Monday, September 8, 2008

The Waiting Room

When body language experts deem people with crossed arms unwilling to open up, they may not be thinking of the mammography waiting room. In this eight-chair, eight-locker, women’s world, we may be unwilling to uncross our arms, but we strangers seem to be quite willing to open up our emotions to each other. A certain sisterhood forms as we slouch, firmly crossing arms across criss-cross-tied gowns in obligatory mauve—the universal hospital color scheme for women—waiting for our names to be perkily called by a radiology tech.

The newest woman timidly exits a dressing room, clutches her blouse and bra to her chest, and searches for an open locker.

“All these locker lights are blinking,” she says, bewildered.
“The lights on those lockers over there are dark,” I say, pointing to a locker on the other side of the table strewn with homemaking magazines; and another woman nods and turns back to our side of the room.
“What are you here for?” she asks the grimmest-faced woman with the tightest-crossed arms.
“I’m waiting for a biopsy,” she replies. She relaxes her pseudo-bra arms a teensy bit and tries to smile.
“I think so. I, uh, hope so.”
“Oh, I’ve had one of those; it’s not so bad.”
“It should be all right,” biopsy lady murmurs, not very convincingly.

I’m not feeling all that brave myself. Having just been through a mammography a few weeks ago, I am back for another looky-loo at what they call a “thickening.” Probably just the clavical bruise inflicted by one of the machine’s appropriately named “paddles” two weeks ago, I pep-talk myself. On the other hand, I do have a family history of breast cancer … but, I don’t want to go there, to that sudden life-change place. That place where one recent late-August Saturday all the picnickers’ faces were red and flushed from the heat, and the next day they wore sweaters to church. I don’t want my mouth-watering musings to go immediately from homegrown tomatoes to pea soup. That’s what autumn is for, to meander from iced tea to hot cocoa.

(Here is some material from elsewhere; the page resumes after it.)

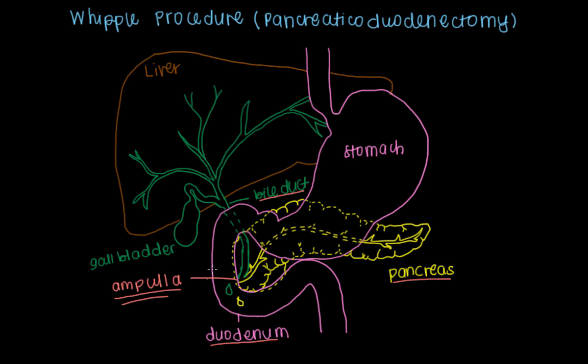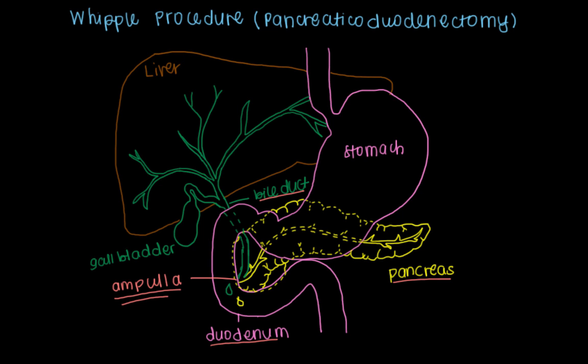As long as the tumor that has grown in this region has not spread distantly or metastasized far away, you can perform a Whipple procedure to help remove the involved organs. So let me remove the parts of this drawing that would be removed in the Whipple procedure. As you can see, the liver, bile duct, stomach, and pancreas still remain, but we've lost the duodenum, the head of the pancreas, the gallbladder, the lower parts of the bile duct that went into the ampulla, and the entire ampulla itself.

But if a perky radiology tech is going to flip my life’s switch to the next season, then I guess I’ll have to do more than pretend I’m prepared to fight for my life.

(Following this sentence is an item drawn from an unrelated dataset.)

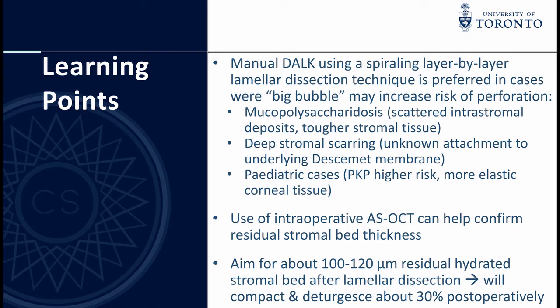In some cases with deep stromal scarring or deposits, as well as generally in pediatric patients, a big bubble technique may increase risk for perforation due to poor visualization, adherent posterior stromal bands, and difficulty injecting the air bubble in the pre-Descemet's plane. Intraoperative anterior segment OCT is useful to confirm the residual stromal bed thickness, with an ideal target of less than 120 microns. This should further compact about 30% postoperatively.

I pick up a magazine with recipes for summer fruit cobblers. The article promises to tell me how a crumble, crisp, cobbler, betty, grunt, and buckle differ—something I’ve always been curious about. Really. Flipping through other recipes, I vow to also make a spinach quiche and stuffed peppers soon. Oh, and here’s another recipe for something I’ve been curious about—red beans and rice. One ingredient, a half-pound of light kielbasa cut into half-moons, strikes me as funny. Or, reminding me of Elizabeth Berg’s description of “living a half-a-banana life,” it could be ominously prophetic of a frightening future. Turning back from that precipice, I wander back to the summerier recipes.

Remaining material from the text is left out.